In the 1970s, Volkov proposed the theory that glaucoma is a two-pressure disease, which was supported by studies on astronauts, who often exhibit visual disturbances with swelling of the eye disc. Understanding the balance between intraocular pressure, cerebrospinal fluid pressure, and systemic blood pressure is key to better management of diseases such as glaucoma and intracranial hypertension. The aim of this article was to re-evaluate the current state of knowledge in order to improve the treatment of pathological conditions resulting from disturbances in aqueous humour and cerebrospinal fluid flow.Key words: CSF dynamics; eye; glaucoma; lamina cribrosa; optic nerve
Introduction
The use of the eye as a window into changes in the brain is rapidly increasing in research. The results of these studies impact both the understanding of the effects of neurological diseases on vision and the possibility of using eye tests to detect or monitor systemic diseases. In addition, the eye is the only place in the body where both neurons and blood vessels can be seen directly. Therefore, eye examination is a routine part of the treatment of vascular diseases such as diabetes and hypertension.
For many professionals, it is difficult to determine whether visual symptoms are caused by a brain disease or an eye condition. A better understanding of the visual signs of neurodegenerative diseases will help to treat patients more effectively.
While further research is needed to understand the dynamics of aqueous humour and cerebrospinal fluid and their role in the development of certain diseases, this paper aims to reassess the current state of knowledge in order to improve treatment of pathological conditions resulting from disturbances in the flow of these two fluids.
Aqueous humour dynamics
The aqueous humour (AH) is a clear, colourless fluid containing electrolytes, glucose, amino acids and ascorbic acid.
It not only fills the anterior and posterior chambers of the eye, but also nourishes avascular structures such as the cornea and lens (König and Liebich, 2009) and removes metabolic waste while maintaining intraocular pressure (IOP) (Pizzirani and Gong, 2015). It is secreted from the non-pigmented epithelium of the ciliary body by diffusion, ultrafiltration and active secretion (Maggio, 2015). The production process begins with the diffusion of plasma through the fenestrated endothelium of the blood vessels in the vascular stroma of the ciliary body, while ultrafiltration allows the passage of molecules along osmotic gradients. In contrast to diffusion and ultrafiltration, active secretion requires energy, which is promoted by carbonic anhydrase and adenosine triphosphate in the non-pigmented epithelium (Pizzirani and Gong, 2015).

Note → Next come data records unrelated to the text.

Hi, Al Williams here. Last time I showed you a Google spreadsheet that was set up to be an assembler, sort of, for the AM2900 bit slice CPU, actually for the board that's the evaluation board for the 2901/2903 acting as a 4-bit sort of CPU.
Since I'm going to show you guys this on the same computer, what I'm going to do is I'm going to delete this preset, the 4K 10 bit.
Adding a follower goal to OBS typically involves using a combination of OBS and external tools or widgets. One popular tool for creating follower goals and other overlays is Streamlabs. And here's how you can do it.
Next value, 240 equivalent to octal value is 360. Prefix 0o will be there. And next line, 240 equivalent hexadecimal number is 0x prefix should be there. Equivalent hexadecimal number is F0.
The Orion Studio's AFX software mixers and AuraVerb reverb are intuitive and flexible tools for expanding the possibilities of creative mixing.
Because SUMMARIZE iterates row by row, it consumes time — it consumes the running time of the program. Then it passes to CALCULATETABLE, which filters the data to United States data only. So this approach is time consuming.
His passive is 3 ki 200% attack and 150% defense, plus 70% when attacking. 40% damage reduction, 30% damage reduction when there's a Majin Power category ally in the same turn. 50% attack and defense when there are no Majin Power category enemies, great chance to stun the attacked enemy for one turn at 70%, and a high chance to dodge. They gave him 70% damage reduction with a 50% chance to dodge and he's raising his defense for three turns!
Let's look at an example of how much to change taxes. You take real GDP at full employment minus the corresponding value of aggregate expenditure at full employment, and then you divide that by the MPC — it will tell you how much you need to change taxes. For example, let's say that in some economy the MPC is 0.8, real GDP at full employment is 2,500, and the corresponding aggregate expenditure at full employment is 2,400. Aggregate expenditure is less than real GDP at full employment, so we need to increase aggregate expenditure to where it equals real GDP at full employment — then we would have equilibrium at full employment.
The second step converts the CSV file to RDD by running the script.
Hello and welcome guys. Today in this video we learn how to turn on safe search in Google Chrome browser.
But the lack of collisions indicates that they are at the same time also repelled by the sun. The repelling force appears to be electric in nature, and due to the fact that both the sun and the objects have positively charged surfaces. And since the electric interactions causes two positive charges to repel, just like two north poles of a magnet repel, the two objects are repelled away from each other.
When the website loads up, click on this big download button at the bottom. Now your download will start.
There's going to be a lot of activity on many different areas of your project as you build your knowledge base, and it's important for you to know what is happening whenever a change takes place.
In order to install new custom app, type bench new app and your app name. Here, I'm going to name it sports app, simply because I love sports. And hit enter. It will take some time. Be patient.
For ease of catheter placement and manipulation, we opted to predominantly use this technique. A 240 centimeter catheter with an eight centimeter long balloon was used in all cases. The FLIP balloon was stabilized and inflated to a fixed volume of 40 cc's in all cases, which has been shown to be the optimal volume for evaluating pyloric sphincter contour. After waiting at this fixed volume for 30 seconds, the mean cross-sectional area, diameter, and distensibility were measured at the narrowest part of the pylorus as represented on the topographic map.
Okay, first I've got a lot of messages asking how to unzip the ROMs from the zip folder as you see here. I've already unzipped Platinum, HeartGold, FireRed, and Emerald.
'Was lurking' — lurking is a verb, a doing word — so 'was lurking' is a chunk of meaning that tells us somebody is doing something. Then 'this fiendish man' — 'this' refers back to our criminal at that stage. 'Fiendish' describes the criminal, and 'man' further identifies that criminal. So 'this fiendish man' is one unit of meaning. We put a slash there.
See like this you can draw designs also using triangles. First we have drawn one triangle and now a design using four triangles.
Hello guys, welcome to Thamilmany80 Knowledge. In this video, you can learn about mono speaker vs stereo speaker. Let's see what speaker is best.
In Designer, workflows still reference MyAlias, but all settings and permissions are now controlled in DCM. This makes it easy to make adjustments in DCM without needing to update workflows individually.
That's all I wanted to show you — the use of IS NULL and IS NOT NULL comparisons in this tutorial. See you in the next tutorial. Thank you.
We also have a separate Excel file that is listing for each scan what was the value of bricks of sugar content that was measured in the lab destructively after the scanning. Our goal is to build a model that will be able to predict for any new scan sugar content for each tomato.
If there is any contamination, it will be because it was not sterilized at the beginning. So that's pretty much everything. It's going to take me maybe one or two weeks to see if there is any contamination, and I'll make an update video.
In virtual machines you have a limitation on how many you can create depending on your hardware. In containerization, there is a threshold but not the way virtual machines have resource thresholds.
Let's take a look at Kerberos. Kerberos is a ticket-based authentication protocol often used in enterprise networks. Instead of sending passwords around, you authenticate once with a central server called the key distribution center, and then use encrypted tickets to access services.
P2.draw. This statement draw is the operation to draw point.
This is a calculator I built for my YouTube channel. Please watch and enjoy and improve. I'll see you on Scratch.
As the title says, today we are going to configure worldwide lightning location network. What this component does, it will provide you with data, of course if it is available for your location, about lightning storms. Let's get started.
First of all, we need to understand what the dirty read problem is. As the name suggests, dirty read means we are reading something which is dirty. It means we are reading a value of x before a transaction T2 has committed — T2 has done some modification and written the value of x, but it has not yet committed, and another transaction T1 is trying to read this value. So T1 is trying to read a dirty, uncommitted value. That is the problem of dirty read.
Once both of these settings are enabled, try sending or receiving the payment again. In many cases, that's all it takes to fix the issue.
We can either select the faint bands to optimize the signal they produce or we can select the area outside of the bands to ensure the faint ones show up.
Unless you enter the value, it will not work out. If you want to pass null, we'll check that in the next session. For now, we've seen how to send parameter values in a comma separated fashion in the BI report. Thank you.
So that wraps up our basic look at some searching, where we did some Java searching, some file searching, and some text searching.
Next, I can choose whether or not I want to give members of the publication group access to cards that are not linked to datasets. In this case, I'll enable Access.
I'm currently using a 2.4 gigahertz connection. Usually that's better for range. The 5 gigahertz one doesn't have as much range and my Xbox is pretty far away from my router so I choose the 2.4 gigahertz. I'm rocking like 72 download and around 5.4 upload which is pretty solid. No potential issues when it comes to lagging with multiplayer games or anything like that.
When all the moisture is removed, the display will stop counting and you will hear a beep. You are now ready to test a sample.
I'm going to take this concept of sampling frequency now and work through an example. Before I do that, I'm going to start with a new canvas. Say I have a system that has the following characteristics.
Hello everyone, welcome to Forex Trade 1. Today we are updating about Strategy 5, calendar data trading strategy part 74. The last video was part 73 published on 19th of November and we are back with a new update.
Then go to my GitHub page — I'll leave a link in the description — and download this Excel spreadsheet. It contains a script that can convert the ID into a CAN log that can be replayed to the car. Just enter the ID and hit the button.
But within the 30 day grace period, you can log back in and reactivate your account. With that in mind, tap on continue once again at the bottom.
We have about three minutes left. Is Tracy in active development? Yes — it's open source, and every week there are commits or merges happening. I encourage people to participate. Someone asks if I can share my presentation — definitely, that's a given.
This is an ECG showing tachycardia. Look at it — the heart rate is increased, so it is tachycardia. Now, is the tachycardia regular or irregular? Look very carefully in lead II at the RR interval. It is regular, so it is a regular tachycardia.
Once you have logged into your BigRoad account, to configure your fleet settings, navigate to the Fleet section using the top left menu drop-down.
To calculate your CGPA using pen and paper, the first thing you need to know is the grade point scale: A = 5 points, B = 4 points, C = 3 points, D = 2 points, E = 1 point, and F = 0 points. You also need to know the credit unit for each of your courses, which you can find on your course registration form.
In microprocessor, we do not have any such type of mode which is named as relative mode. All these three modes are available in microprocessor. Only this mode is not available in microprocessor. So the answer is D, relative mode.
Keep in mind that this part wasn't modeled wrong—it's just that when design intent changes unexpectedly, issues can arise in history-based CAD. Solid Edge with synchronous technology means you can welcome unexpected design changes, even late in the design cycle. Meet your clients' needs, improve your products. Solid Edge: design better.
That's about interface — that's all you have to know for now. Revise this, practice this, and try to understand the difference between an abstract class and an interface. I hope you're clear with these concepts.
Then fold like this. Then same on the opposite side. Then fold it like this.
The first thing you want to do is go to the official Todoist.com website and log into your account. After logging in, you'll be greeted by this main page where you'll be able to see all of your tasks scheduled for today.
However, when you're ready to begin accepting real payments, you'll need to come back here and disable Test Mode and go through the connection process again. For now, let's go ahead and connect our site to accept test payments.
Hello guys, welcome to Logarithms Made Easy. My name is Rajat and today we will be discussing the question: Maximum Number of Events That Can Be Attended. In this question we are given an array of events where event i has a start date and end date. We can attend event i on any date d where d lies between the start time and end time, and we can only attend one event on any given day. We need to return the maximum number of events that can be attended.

Drainage of AH occurs via two complex hydraulic systems: the anterior (trabecular or conventional) and posterior (uveoscleral or unconventional) outflow pathways, which provide a constant outflow of AH and help to maintain physiologic IOP with continuous production.
The conventional pathway handles most of the outflow, with AH flowing from the posterior to the anterior chamber of the eye, crossing the iridocorneal angle (Brooks, 1990) and entering the trabecular meshwork (TM) via the ciliary canal. From there, AH moves through endothelial cells and forms large intracellular vacuoles that eventually drain into the systemic circulation (Pizzirani and Gong, 2015). The unconventional pathway drains the portion of the AH that bypasses the trabecular meshwork, collects in the uveoscleral space, and flows through the posterior uveoscleral region. This type of drainage is passive and independent of the IOP, and in dogs for example, accounts for approximately 15% of AH outflow.
The balance between AH production and drainage results in a relatively stable IOP, which is influenced by factors such as age, species, mean arterial pressure, central venous pressure, blood osmolality and episcleral venous pressure. IOP is critical for maintaining the shape of the eye and ensuring tight adhesion between the retina and choroid. Disturbances in AH outflow can lead to an increase in IOP, resulting in retinal atrophy and eventually blindness (König and Liebich, 2009).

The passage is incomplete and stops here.